This is awesome! I will have a go at utilizing some of my DKIST code for this tomorrow.

rabernat commented 6 years ago

This is great! I welcome the involvement of astronomers here.

As the number of datasets continues to grow, it would be good to establish an authoritative catalog. Hopefully this can be intake (#39), but I doubt it works with fits format.

MSKirk commented 6 years ago

I have about 460 GB of data (12,600 images) queued up to get uploaded to the pangeo-data drive. These images haven't been thoughtfully chosen, but were sitting on an external hard disk of mine. They represent 7 different EVU wavelengths that the SDO AIA instrument observes the sun in. Let me know if you have any data specific questions.

martindurant commented 6 years ago

There is no plugin for FITS in Intake yet, this is a question of demand :)

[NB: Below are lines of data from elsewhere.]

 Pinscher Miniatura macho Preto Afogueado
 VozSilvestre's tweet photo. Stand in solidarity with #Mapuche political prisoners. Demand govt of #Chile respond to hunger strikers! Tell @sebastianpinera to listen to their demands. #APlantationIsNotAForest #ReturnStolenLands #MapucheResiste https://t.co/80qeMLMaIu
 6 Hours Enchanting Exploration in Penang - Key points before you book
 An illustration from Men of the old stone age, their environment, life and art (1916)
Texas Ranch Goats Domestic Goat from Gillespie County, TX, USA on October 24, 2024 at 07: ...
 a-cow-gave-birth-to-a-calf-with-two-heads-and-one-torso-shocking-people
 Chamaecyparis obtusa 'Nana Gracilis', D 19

The outstanding problem if actually the coordinates systems (WCS) that FITS typically bundles, which are not aligned with the axes in general, or maybe not even linear. It would be OK to have an array-and-wcs pair, but the model doesn't easily fit into the xarray coordinate-axes model.

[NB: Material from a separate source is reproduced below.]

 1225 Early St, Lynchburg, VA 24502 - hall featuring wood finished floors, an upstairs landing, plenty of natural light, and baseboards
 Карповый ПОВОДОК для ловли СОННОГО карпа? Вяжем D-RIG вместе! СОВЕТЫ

Cadair commented 6 years ago

@MSKirk are they level 1.5 images? So effectively all share the same WCS? (Along the time axis)

mrocklin commented 6 years ago

I suggest that we don't bother with intake for the moment. I don't that that that's on the critical path to exploring things here.

I think that the next step is for people to write a couple of simple analyses using this data so that others see what is possible, and then hopefully build off of that original analysis

On Mon, May 21, 2018 at 5:52 PM, Stuart Mumford notifications@github.com wrote:

@MSKirk https://github.com/MSKirk are they level 1.5 images? So effectively all share the same WCS? (Along the time axis)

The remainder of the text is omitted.